◆ About this task ◆
Nothing in the data should be altered when it is repeated in full.
Extracted information: Begin
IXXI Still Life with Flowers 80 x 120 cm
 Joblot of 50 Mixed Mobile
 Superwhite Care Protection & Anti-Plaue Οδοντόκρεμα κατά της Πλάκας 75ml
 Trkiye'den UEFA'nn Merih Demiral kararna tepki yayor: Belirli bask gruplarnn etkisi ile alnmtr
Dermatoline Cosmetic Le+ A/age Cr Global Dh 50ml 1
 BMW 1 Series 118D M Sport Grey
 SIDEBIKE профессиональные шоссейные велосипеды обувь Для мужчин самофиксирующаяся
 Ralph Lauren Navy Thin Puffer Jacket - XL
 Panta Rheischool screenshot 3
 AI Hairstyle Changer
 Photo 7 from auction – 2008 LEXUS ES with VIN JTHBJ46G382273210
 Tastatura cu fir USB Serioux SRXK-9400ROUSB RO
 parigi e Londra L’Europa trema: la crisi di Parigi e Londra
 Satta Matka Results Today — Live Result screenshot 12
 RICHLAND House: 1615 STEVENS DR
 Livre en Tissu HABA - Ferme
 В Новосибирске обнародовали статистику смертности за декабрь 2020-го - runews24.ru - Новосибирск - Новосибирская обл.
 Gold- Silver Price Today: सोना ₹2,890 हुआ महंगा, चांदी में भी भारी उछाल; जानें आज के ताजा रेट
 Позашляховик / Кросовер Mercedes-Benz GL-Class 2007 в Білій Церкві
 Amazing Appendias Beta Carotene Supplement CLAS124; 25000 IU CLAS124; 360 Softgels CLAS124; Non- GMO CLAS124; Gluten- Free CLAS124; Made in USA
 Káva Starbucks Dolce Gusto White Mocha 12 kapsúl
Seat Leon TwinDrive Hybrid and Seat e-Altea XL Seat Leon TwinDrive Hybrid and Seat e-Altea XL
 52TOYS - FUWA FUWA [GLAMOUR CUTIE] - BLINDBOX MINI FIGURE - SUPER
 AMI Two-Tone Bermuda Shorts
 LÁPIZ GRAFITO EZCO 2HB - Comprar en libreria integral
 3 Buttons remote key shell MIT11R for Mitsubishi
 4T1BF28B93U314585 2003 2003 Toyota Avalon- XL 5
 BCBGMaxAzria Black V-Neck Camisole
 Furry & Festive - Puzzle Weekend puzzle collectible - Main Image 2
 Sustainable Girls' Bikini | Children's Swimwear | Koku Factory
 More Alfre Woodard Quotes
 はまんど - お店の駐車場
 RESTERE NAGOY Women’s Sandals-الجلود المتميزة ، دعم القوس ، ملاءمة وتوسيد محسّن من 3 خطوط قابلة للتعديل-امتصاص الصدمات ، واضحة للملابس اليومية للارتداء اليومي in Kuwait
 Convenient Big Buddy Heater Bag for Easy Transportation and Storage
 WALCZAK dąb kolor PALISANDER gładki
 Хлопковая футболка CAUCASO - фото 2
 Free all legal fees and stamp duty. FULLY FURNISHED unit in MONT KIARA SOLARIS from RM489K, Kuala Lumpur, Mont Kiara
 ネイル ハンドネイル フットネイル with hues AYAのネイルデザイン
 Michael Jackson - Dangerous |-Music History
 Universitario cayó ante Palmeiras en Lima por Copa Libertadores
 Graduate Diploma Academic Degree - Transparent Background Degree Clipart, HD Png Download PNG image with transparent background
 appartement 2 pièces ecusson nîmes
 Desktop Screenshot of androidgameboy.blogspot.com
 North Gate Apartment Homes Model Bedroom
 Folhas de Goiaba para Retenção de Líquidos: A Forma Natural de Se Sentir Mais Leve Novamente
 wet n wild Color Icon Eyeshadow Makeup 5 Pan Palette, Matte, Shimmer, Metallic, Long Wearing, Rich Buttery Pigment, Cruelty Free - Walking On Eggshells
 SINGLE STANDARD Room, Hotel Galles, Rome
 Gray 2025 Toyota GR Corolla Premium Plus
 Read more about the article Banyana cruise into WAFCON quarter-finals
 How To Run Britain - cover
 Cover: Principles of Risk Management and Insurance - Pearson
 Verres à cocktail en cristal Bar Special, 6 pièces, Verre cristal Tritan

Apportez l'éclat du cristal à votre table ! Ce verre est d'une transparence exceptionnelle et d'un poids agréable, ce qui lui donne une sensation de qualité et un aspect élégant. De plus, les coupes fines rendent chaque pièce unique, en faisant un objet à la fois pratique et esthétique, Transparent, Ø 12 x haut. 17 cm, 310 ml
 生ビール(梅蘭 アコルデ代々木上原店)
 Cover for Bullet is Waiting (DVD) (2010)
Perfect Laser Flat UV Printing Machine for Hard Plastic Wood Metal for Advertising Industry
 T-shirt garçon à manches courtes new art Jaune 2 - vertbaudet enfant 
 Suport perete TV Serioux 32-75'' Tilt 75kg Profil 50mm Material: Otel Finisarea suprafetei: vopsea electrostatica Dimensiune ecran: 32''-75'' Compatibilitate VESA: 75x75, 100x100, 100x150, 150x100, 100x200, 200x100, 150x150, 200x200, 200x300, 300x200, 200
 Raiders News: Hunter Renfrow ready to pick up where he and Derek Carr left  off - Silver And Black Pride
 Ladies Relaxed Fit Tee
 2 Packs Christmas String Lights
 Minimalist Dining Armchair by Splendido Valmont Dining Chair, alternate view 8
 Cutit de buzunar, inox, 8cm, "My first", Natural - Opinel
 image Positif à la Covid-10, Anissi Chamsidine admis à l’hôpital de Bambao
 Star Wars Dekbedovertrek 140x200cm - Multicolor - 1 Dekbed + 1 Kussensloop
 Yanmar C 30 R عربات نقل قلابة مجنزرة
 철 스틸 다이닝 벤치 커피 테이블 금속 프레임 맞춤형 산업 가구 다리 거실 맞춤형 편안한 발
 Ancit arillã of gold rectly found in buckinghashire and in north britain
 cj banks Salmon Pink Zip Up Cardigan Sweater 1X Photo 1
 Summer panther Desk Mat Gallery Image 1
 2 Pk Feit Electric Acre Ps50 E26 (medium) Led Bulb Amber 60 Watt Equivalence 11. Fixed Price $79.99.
Extracted information: End
◆ Task solution ◆
IXXI Still Life with Flowers 80 x 120 cm
 Joblot of 50 Mixed Mobile
 Superwhite Care Protection & Anti-Plaue Οδοντόκρεμα κατά της Πλάκας 75ml
 Trkiye'den UEFA'nn Merih Demiral kararna tepki yayor: Belirli bask gruplarnn etkisi ile alnmtr
Dermatoline Cosmetic Le+ A/age Cr Global Dh 50ml 1
 BMW 1 Series 118D M Sport Grey
 SIDEBIKE профессиональные шоссейные велосипеды обувь Для мужчин самофиксирующаяся
 Ralph Lauren Navy Thin Puffer Jacket - XL
 Panta Rheischool screenshot 3
 AI Hairstyle Changer
 Photo 7 from auction – 2008 LEXUS ES with VIN JTHBJ46G382273210
 Tastatura cu fir USB Serioux SRXK-9400ROUSB RO
 parigi e Londra L’Europa trema: la crisi di Parigi e Londra
 Satta Matka Results Today — Live Result screenshot 12
 RICHLAND House: 1615 STEVENS DR
 Livre en Tissu HABA - Ferme
 В Новосибирске обнародовали статистику смертности за декабрь 2020-го - runews24.ru - Новосибирск - Новосибирская обл.
 Gold- Silver Price Today: सोना ₹2,890 हुआ महंगा, चांदी में भी भारी उछाल; जानें आज के ताजा रेट
 Позашляховик / Кросовер Mercedes-Benz GL-Class 2007 в Білій Церкві
 Amazing Appendias Beta Carotene Supplement CLAS124; 25000 IU CLAS124; 360 Softgels CLAS124; Non- GMO CLAS124; Gluten- Free CLAS124; Made in USA
 Káva Starbucks Dolce Gusto White Mocha 12 kapsúl
Seat Leon TwinDrive Hybrid and Seat e-Altea XL Seat Leon TwinDrive Hybrid and Seat e-Altea XL
 52TOYS - FUWA FUWA [GLAMOUR CUTIE] - BLINDBOX MINI FIGURE - SUPER
 AMI Two-Tone Bermuda Shorts
 LÁPIZ GRAFITO EZCO 2HB - Comprar en libreria integral
 3 Buttons remote key shell MIT11R for Mitsubishi
 4T1BF28B93U314585 2003 2003 Toyota Avalon- XL 5
 BCBGMaxAzria Black V-Neck Camisole
 Furry & Festive - Puzzle Weekend puzzle collectible - Main Image 2
 Sustainable Girls' Bikini | Children's Swimwear | Koku Factory
 More Alfre Woodard Quotes
 はまんど - お店の駐車場
 RESTERE NAGOY Women’s Sandals-الجلود المتميزة ، دعم القوس ، ملاءمة وتوسيد محسّن من 3 خطوط قابلة للتعديل-امتصاص الصدمات ، واضحة للملابس اليومية للارتداء اليومي in Kuwait
 Convenient Big Buddy Heater Bag for Easy Transportation and Storage
 WALCZAK dąb kolor PALISANDER gładki
 Хлопковая футболка CAUCASO - фото 2
 Free all legal fees and stamp duty. FULLY FURNISHED unit in MONT KIARA SOLARIS from RM489K, Kuala Lumpur, Mont Kiara
 ネイル ハンドネイル フットネイル with hues AYAのネイルデザイン
 Michael Jackson - Dangerous |-Music History
 Universitario cayó ante Palmeiras en Lima por Copa Libertadores
 Graduate Diploma Academic Degree - Transparent Background Degree Clipart, HD Png Download PNG image with transparent background
 appartement 2 pièces ecusson nîmes
 Desktop Screenshot of androidgameboy.blogspot.com
 North Gate Apartment Homes Model Bedroom
 Folhas de Goiaba para Retenção de Líquidos: A Forma Natural de Se Sentir Mais Leve Novamente
 wet n wild Color Icon Eyeshadow Makeup 5 Pan Palette, Matte, Shimmer, Metallic, Long Wearing, Rich Buttery Pigment, Cruelty Free - Walking On Eggshells
 SINGLE STANDARD Room, Hotel Galles, Rome
 Gray 2025 Toyota GR Corolla Premium Plus
 Read more about the article Banyana cruise into WAFCON quarter-finals
 How To Run Britain - cover
 Cover: Principles of Risk Management and Insurance - Pearson
 Verres à cocktail en cristal Bar Special, 6 pièces, Verre cristal Tritan

Apportez l'éclat du cristal à votre table ! Ce verre est d'une transparence exceptionnelle et d'un poids agréable, ce qui lui donne une sensation de qualité et un aspect élégant. De plus, les coupes fines rendent chaque pièce unique, en faisant un objet à la fois pratique et esthétique, Transparent, Ø 12 x haut. 17 cm, 310 ml
 生ビール(梅蘭 アコルデ代々木上原店)
 Cover for Bullet is Waiting (DVD) (2010)
Perfect Laser Flat UV Printing Machine for Hard Plastic Wood Metal for Advertising Industry
 T-shirt garçon à manches courtes new art Jaune 2 - vertbaudet enfant 
 Suport perete TV Serioux 32-75'' Tilt 75kg Profil 50mm Material: Otel Finisarea suprafetei: vopsea electrostatica Dimensiune ecran: 32''-75'' Compatibilitate VESA: 75x75, 100x100, 100x150, 150x100, 100x200, 200x100, 150x150, 200x200, 200x300, 300x200, 200
 Raiders News: Hunter Renfrow ready to pick up where he and Derek Carr left  off - Silver And Black Pride
 Ladies Relaxed Fit Tee
 2 Packs Christmas String Lights
 Minimalist Dining Armchair by Splendido Valmont Dining Chair, alternate view 8
 Cutit de buzunar, inox, 8cm, "My first", Natural - Opinel
 image Positif à la Covid-10, Anissi Chamsidine admis à l’hôpital de Bambao
 Star Wars Dekbedovertrek 140x200cm - Multicolor - 1 Dekbed + 1 Kussensloop
 Yanmar C 30 R عربات نقل قلابة مجنزرة
 철 스틸 다이닝 벤치 커피 테이블 금속 프레임 맞춤형 산업 가구 다리 거실 맞춤형 편안한 발
 Ancit arillã of gold rectly found in buckinghashire and in north britain
 cj banks Salmon Pink Zip Up Cardigan Sweater 1X Photo 1
 Summer panther Desk Mat Gallery Image 1
 2 Pk Feit Electric Acre Ps50 E26 (medium) Led Bulb Amber 60 Watt Equivalence 11. Fixed Price $79.99.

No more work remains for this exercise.